Given data ::
══════════════════════════════

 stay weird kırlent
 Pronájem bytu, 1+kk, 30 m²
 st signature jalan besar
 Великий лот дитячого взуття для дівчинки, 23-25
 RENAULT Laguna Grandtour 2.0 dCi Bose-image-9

══════════════════════════════

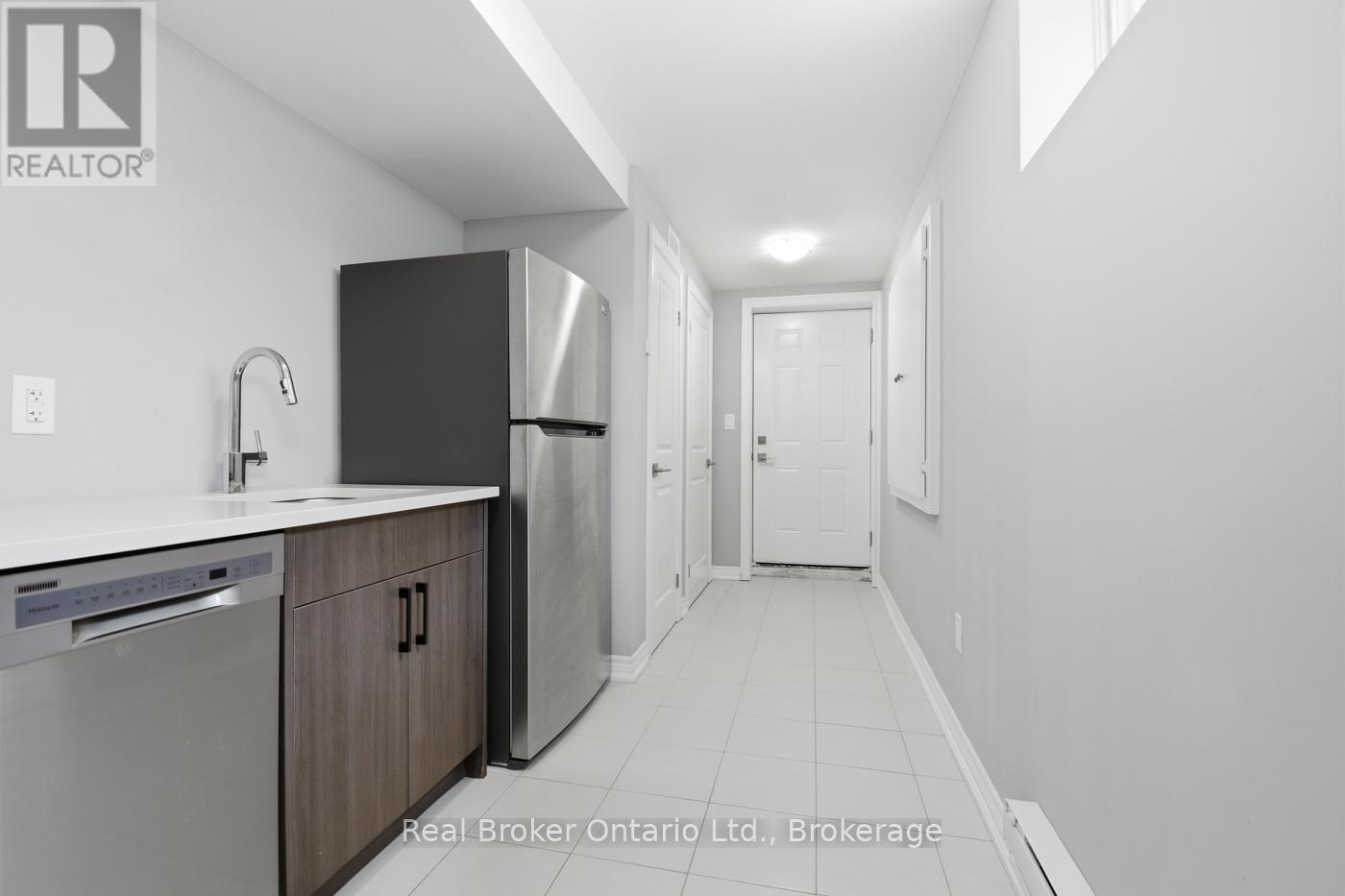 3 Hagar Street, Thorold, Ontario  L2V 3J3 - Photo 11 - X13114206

══════════════════════════════

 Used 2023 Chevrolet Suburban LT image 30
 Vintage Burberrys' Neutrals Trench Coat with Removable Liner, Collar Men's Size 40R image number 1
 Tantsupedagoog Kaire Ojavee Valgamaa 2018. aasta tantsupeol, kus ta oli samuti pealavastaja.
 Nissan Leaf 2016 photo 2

══════════════════════════════

Required work ::
Transcribe the lines above between the line holding "Used 2023 Chevrolet Suburban LT image 30" and the line holding "Nissan Leaf 2016 photo 2", inclusive, exactly as they stand and with nothing added.

Answer area ::
 Used 2023 Chevrolet Suburban LT image 30
 Vintage Burberrys' Neutrals Trench Coat with Removable Liner, Collar Men's Size 40R image number 1
 Tantsupedagoog Kaire Ojavee Valgamaa 2018. aasta tantsupeol, kus ta oli samuti pealavastaja.
 Nissan Leaf 2016 photo 2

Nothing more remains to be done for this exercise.